(RECORDS TO USE begins)

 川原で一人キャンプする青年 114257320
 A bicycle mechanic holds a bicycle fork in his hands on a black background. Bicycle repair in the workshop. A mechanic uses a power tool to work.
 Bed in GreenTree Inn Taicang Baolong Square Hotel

(RECORDS TO USE ends)
(RECORDS TO USE begins)

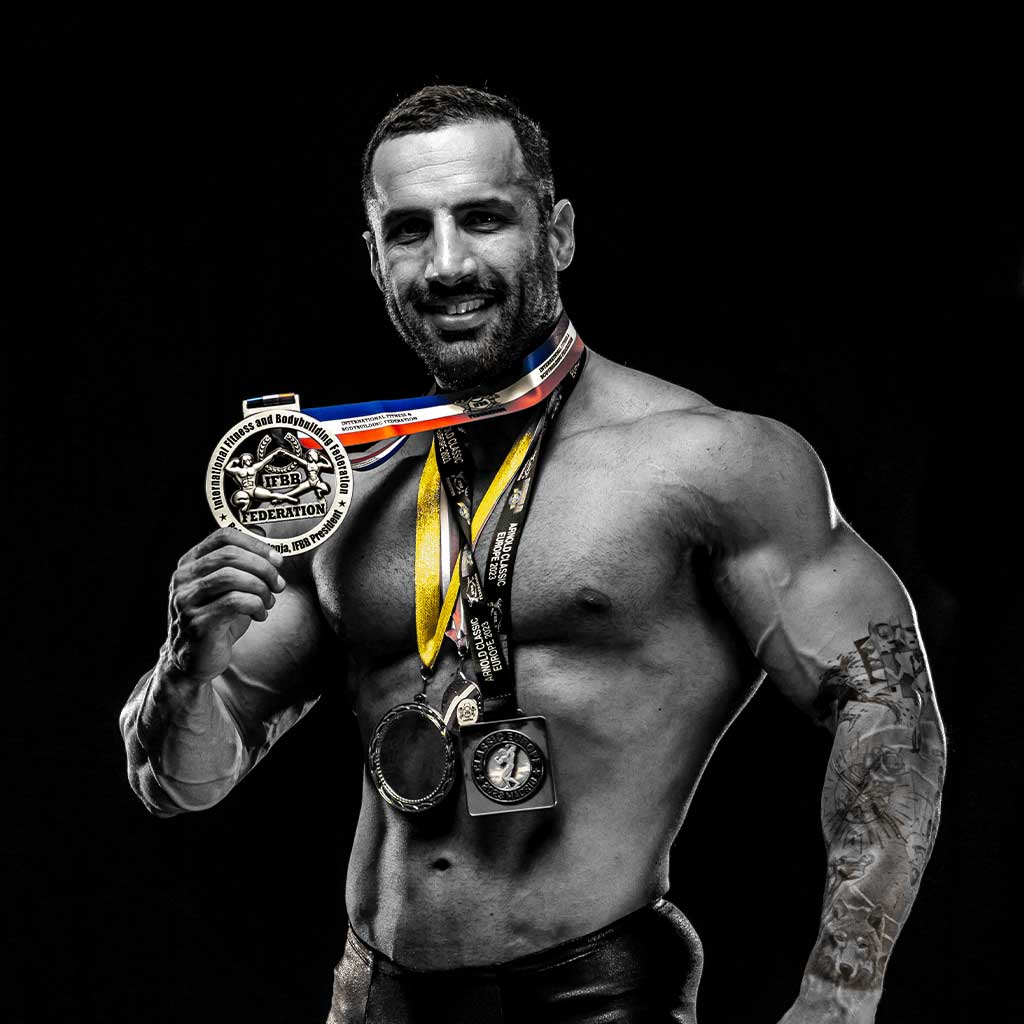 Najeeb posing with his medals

(RECORDS TO USE ends)

• WHAT THIS TASK INVOLVES
Since only part of the listing is wanted, copy exactly the lines from the one holding "川原で一人キャンプする青年 114257320" to the one holding "Bed in GreenTree", both included.

• TASK RESULT
 川原で一人キャンプする青年 114257320
 A bicycle mechanic holds a bicycle fork in his hands on a black background. Bicycle repair in the workshop. A mechanic uses a power tool to work.
 Bed in GreenTree Inn Taicang Baolong Square Hotel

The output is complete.